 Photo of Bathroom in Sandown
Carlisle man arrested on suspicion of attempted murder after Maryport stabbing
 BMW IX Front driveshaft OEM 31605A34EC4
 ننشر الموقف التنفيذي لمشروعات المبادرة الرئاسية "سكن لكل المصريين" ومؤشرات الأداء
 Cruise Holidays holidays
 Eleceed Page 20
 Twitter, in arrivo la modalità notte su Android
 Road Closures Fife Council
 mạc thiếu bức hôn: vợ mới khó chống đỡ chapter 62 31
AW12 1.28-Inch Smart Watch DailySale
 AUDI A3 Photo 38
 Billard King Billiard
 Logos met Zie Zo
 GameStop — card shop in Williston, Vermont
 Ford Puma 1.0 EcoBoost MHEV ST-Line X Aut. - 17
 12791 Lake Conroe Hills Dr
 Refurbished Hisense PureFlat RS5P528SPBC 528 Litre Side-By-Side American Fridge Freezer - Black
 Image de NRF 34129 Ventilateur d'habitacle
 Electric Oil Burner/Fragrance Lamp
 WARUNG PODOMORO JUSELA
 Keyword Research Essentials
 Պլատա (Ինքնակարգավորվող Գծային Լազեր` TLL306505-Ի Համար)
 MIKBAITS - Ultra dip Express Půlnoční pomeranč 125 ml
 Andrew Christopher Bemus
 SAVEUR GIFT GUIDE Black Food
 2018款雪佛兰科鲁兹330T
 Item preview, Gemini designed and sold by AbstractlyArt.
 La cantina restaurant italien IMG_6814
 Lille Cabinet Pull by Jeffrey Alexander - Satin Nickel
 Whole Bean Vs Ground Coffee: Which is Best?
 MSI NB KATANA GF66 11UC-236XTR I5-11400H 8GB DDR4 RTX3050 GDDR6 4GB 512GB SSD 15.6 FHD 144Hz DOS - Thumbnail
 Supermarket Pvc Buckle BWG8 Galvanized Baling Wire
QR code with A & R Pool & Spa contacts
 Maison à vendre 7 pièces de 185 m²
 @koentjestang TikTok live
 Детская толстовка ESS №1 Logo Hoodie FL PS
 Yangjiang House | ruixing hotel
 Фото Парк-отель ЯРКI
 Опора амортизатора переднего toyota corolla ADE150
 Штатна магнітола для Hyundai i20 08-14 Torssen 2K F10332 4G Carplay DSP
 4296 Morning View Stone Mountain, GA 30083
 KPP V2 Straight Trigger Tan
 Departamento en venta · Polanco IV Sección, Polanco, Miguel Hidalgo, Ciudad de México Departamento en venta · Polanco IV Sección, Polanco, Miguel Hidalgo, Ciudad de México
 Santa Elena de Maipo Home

*YOUR INSTRUCTIONS*. Write out only the lines from the one containing "Պլատա (Ինքնակարգավորվող Գծային" through the end of the listing above, exactly as they stand.

*YOUR SOLUTION*.
 Պլատա (Ինքնակարգավորվող Գծային Լազեր` TLL306505-Ի Համար)
 MIKBAITS - Ultra dip Express Půlnoční pomeranč 125 ml
 Andrew Christopher Bemus
 SAVEUR GIFT GUIDE Black Food
 2018款雪佛兰科鲁兹330T
 Item preview, Gemini designed and sold by AbstractlyArt.
 La cantina restaurant italien IMG_6814
 Lille Cabinet Pull by Jeffrey Alexander - Satin Nickel
 Whole Bean Vs Ground Coffee: Which is Best?
 MSI NB KATANA GF66 11UC-236XTR I5-11400H 8GB DDR4 RTX3050 GDDR6 4GB 512GB SSD 15.6 FHD 144Hz DOS - Thumbnail
 Supermarket Pvc Buckle BWG8 Galvanized Baling Wire
QR code with A & R Pool & Spa contacts
 Maison à vendre 7 pièces de 185 m²
 @koentjestang TikTok live
 Детская толстовка ESS №1 Logo Hoodie FL PS
 Yangjiang House | ruixing hotel
 Фото Парк-отель ЯРКI
 Опора амортизатора переднего toyota corolla ADE150
 Штатна магнітола для Hyundai i20 08-14 Torssen 2K F10332 4G Carplay DSP
 4296 Morning View Stone Mountain, GA 30083
 KPP V2 Straight Trigger Tan
 Departamento en venta · Polanco IV Sección, Polanco, Miguel Hidalgo, Ciudad de México Departamento en venta · Polanco IV Sección, Polanco, Miguel Hidalgo, Ciudad de México
 Santa Elena de Maipo Home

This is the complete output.